Si tratta di una attenta ricostruzione, su base esegetica, del pensiero della giurisprudenza classica in ordine alla realtà che si trova descritta in testo di Ulpiano, riferente l’opinione di Aristone con richiamo altresì a Nerazio e Pomponio, come negotium mixtum cum donatione. Con sottilissime argomentazioni e approfondita analisi di ogni sfumatura del pensiero giurisprudenziale, in quanto diretto a fornire sostegno alla soluzione dei casi concreti via via presentatisi nella prassi e col tempo non alieno dal procedere in parallelo a modifiche introdotte da normazione imperiale, l’autore perviene a seguire l’evolversi di quel pensiero nel passaggio da giurista a giurista in aderenza a differenti loro modi di impostare il problema sulla base di oggettiva o soggettiva interpretazione dell’intento delle parti, in ordine alla realtà che con quella espressione si intendeva ricomprendere. Ne deriva un avvincente spaccato di pensiero giurisprudenziale che passa da soluzione avanzata per un caso specifico a soluzioni aperte a più ampia casistica, rispondenti a regime di ius controversum che in età severiana tende tramite Ulpiano ad essere superato dalla proposta di soluzione intermedia.
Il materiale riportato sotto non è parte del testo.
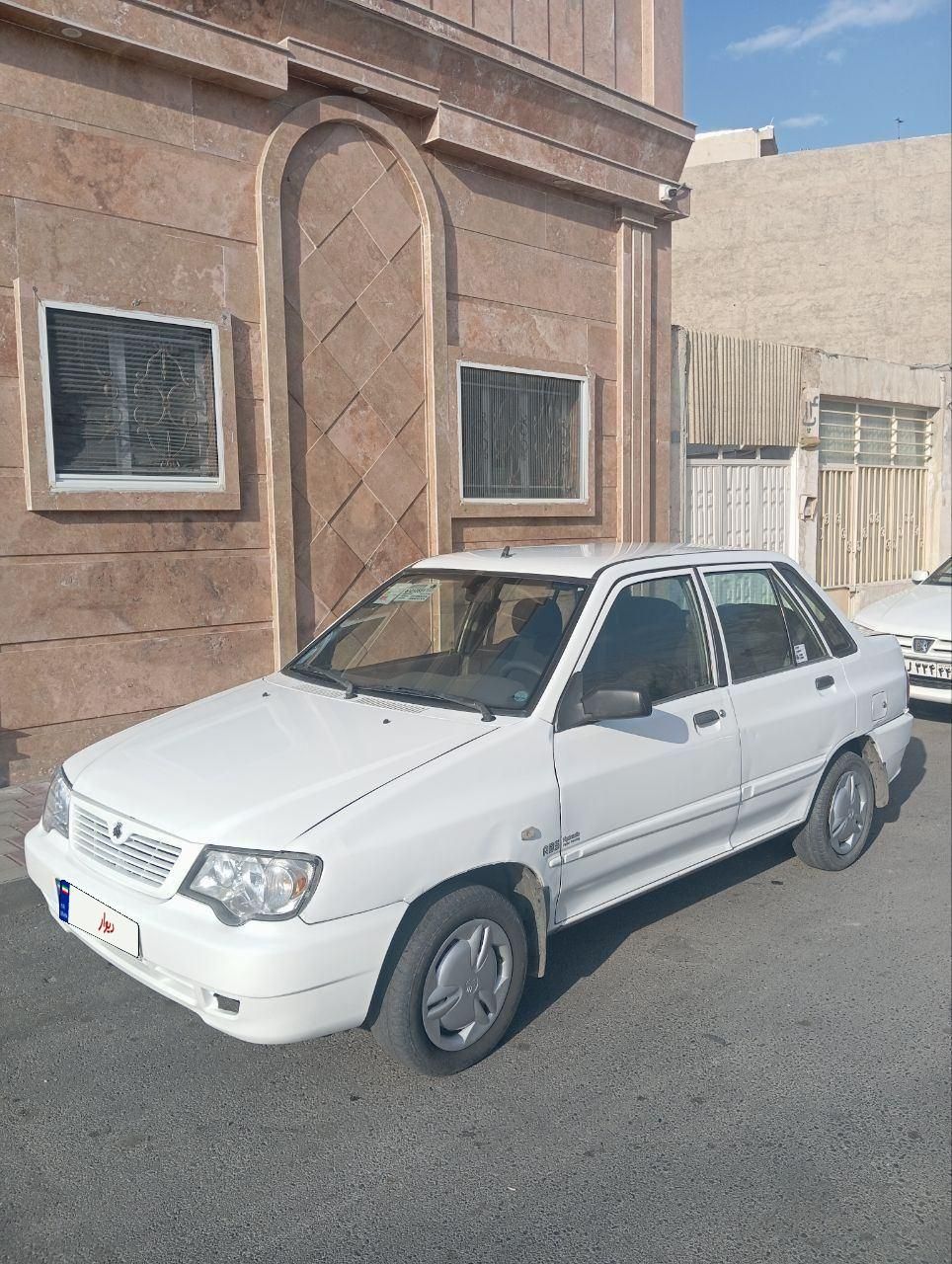 پراید 132 SX - 1390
L’interesse in sé e per sé eminentemente storico della esemplare ricerca, condotta dall’autore con piena padronanza di metodo e con l’apporto di vasta cultura, non manca di pervenire a correggere l’erronea convinzione, diffusa nella moderna dottrina civilistica, che la soluzione giuridica prospettata per il fenomeno ancora oggi designato con l’espressione, presente nelle fonti romane, di negotium mixtum cum donatione si basi su di una costruzione teorica di fusione in vario modo tra cause negoziali, attribuita al pensiero classico ma in realtà poggiante soltanto sul profondo mutamento della nozione stessa di donazione a seguito delle innovazioni del suo regime introdotte in età postclassica.